Die nötige Ausstattung dafür ist bewusst simpel. „Im Stall brauchen wir Kameras, Kabel und einen Internetanschluss, damit ist das System effektiv online", erklärt Norman Caspari. Den Prozess hat das vielseitig aufgestellte Team so entwickelt, das die Aufnahmen handelsüblicher 2D-Überwachungskameras ausreichen – ohne Schnickschnack. „Die Magie findet auf dem PC statt“, sagt Johannes Schmidt-Mosig. Auch damit hat sich das Team an die häufigen Begebenheiten auf dem Land eingerichtet: Eine LTE-Internetverbindung reicht für alle Prozesse raus und ist nicht zwangsläufig durchgehend nötig. Der PC liegt beim Landwirt. „Das Vertrauen in Clouddienstleister ist häufig noch gering. Wenn die Anwender Sorge um ihre Daten haben, können sie den PC theoretisch abends in den Safe schließen“, ergänzt er. Die herkömmlichen Kameras werden an mehreren Stellen im Geflügelstall verteilt.

TIER-TRACKING

Das entwickelte Assistenzsystem kann durch die Kameras verschiedene Verhaltensweisen von Schweinen und Masthähnchen ermitteln. Dazu hat das Team „in Handarbeit“ zunächst Videoaufnahmen ausgewertet. Das heißt, sie mussten zum Beispiel jedes einzelne Tier auf dem Bild kennzeichnen und dem Machine-Learning-Netz bzw. der KI „beibringen“, das zu erkennen. Als Ergebnis von rund 100.000 eingelernten Bildern kann das VetVise-System mittlerweile Aktivität und Geschwindigkeit, Flächennutzung und das Wachstum der Tiere ermitteln. Für die Praxis heißt das beispielsweise: Liegen mehr Schweine in einer Stallecke als sonst, kann das die KI sehen. Ebenso kann bestimmt werden, ob Hähnchen bestimmte Futterlinien meiden oder nachts plötzlich die Aktivität der Tiere steigt. „In einem Versuchsstall konnten wir zum Beispiel schnell herausfinden, dass andauernd ein Nachtlicht angegangen ist und die Tiere gestört hat“, sagt Norman.

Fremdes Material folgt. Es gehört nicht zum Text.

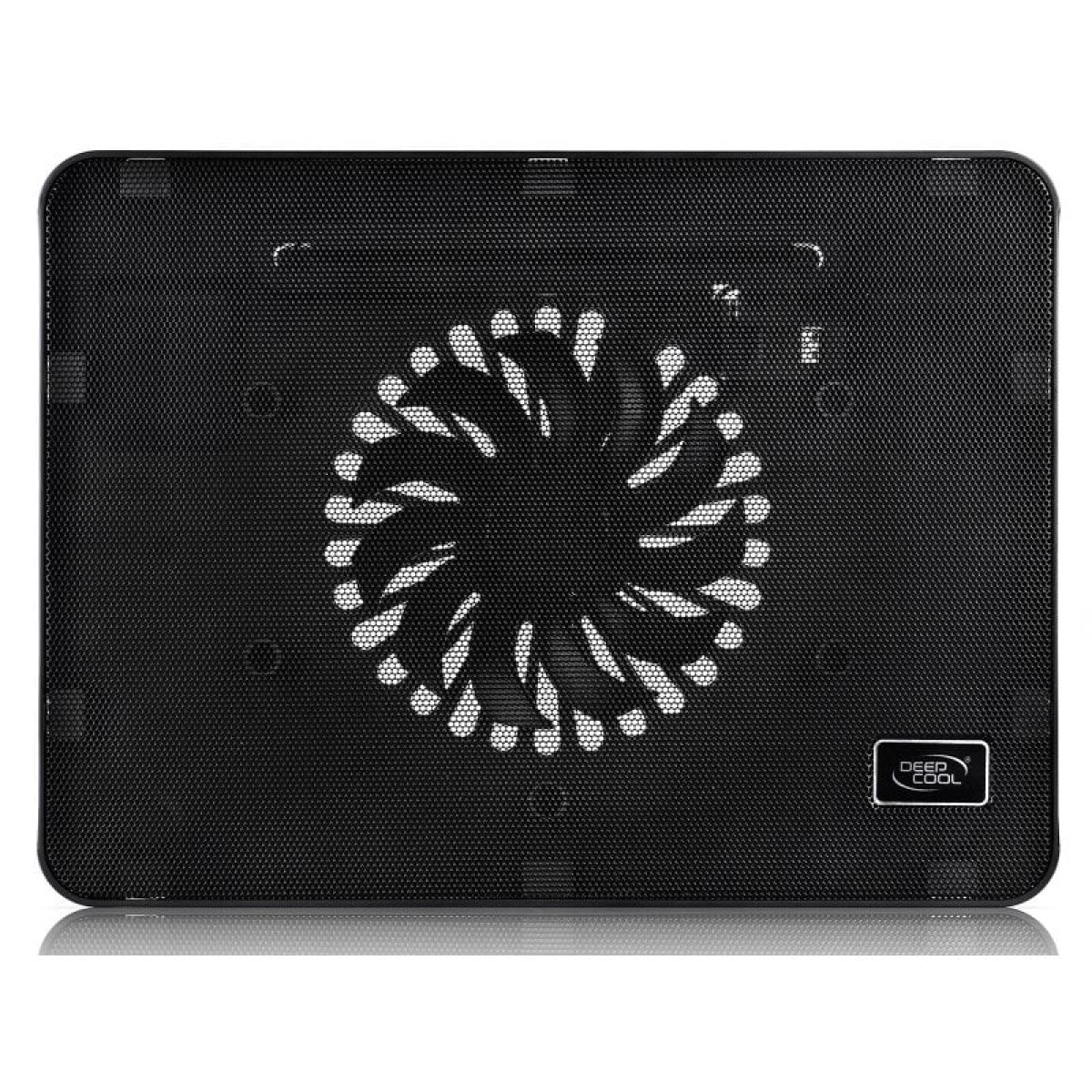 Base DeepCool Wind Pal Mini p/ Portátil 15.6" - Image 2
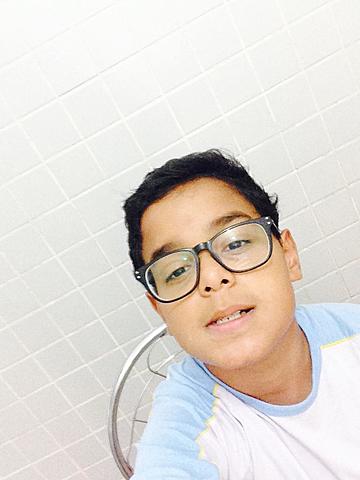 Colégio Educação Adventista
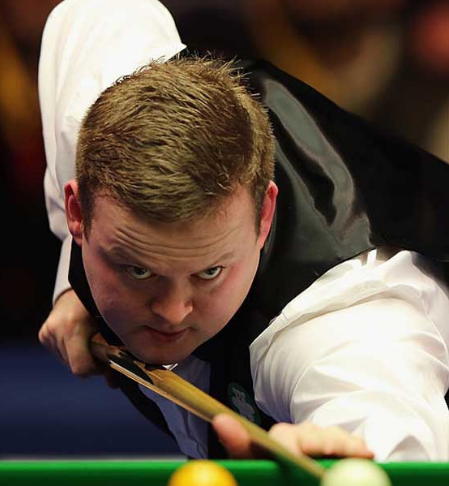 他们克服了 他们克服了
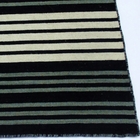 Tapete Kilim Surate 200x250 1504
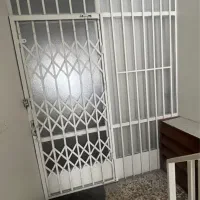 خانه-120متری-در-سبلان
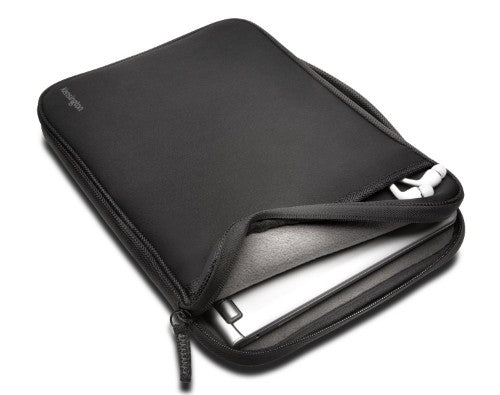 Kensington 11” Universal Neoprene Sleeve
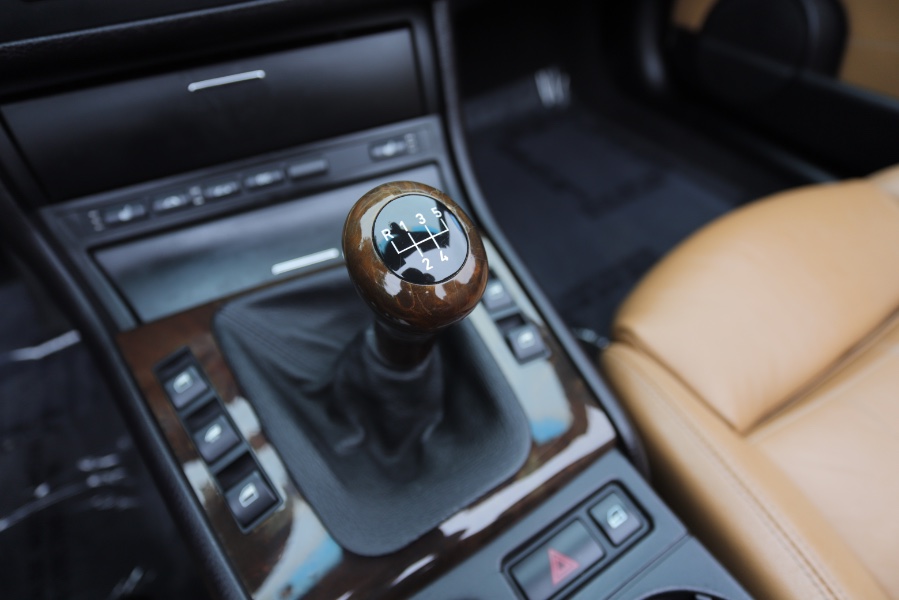 2003 BMW 3 Series 325Ci 2dr Convertible, available for sale in North Salem, New York | Meccanic Shop North Inc. North Salem, New York 2003 BMW 3 Series 325Ci 2dr Convertible, available for sale in North Salem, New York | Meccanic Shop North Inc. North Salem, New York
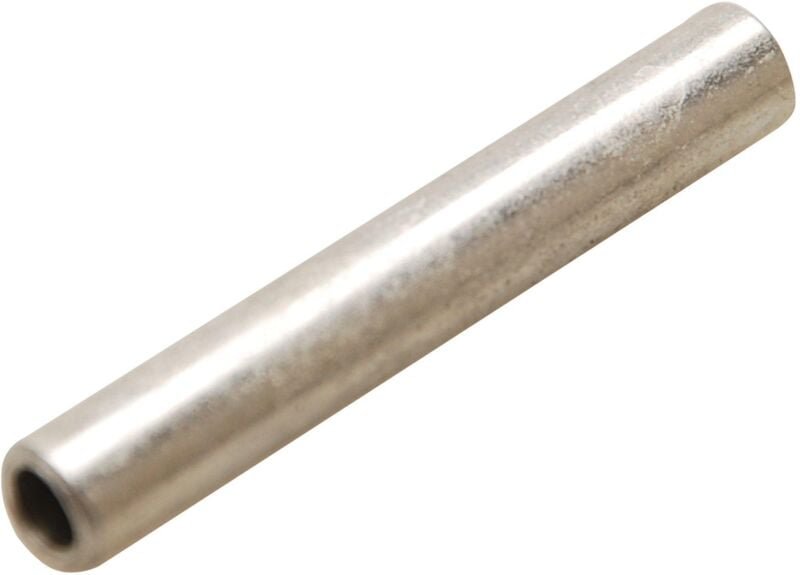 Bgs Technic - Führungshülse 40 x 6 x 3,5 mm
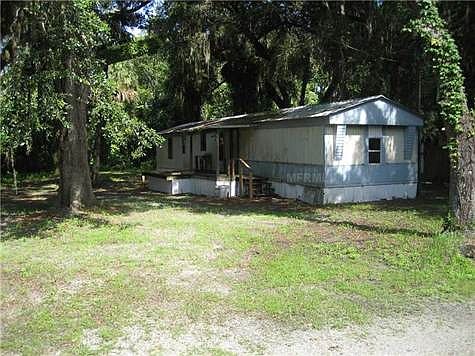 1st image of 2837 County Road 426e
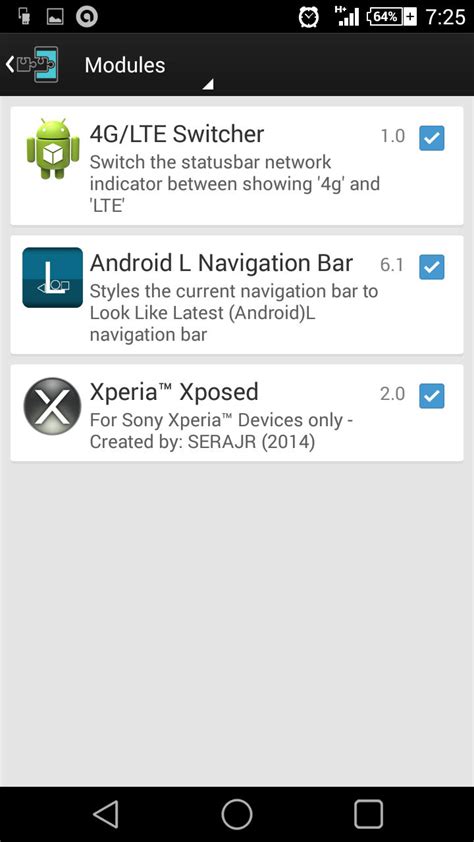 Android pie navigation bar xda.  Somehow the bar doesnt close anymore after ...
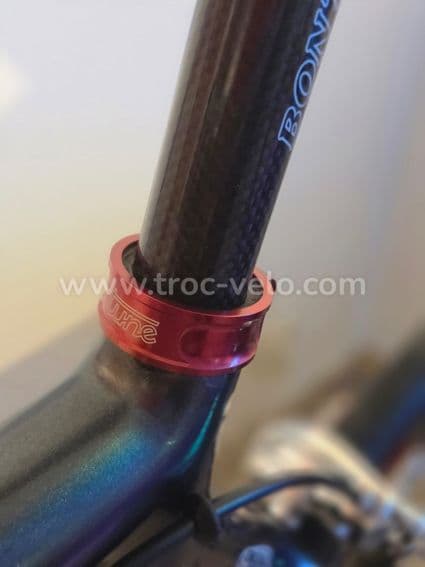 Trek oclv 110 5900 us postal - 14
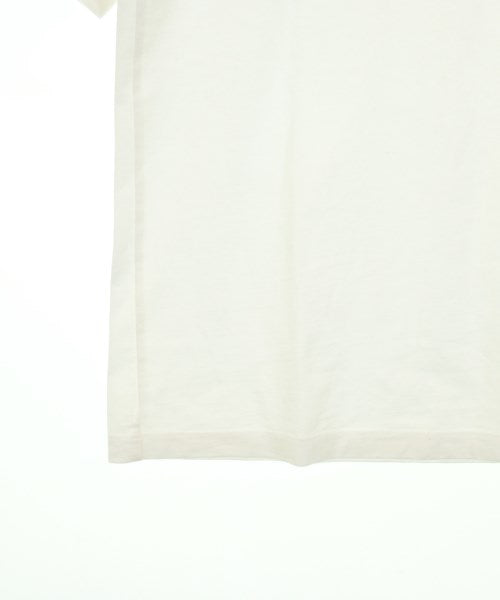 OAMC เสื้อยืด/เสื้อท็อปส์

Den Gründern zufolge ermittelt das System mittlerweile 95 % der Tiere sicher. „Die Erkennung der Tiere mit Hilfe eines einfachen lokalen PCs ist das, was wir derzeit im Vergleich zu Mitbewerbern einzigartig schaffen. Da bleiben wir in den nächsten ein bis zwei Jahren meiner Meinung nach führend“, ist Johannes sich sicher. Bisher arbeitet die Technik in einigen Testställen und für Versuche in Hochschulen. Die Hardware vertreiben sie dazu zum Selbstkostenpreis. Geld verdienen sie mit einer Nutzungsgebühr, die von der Anzahl an Kameras abhängt.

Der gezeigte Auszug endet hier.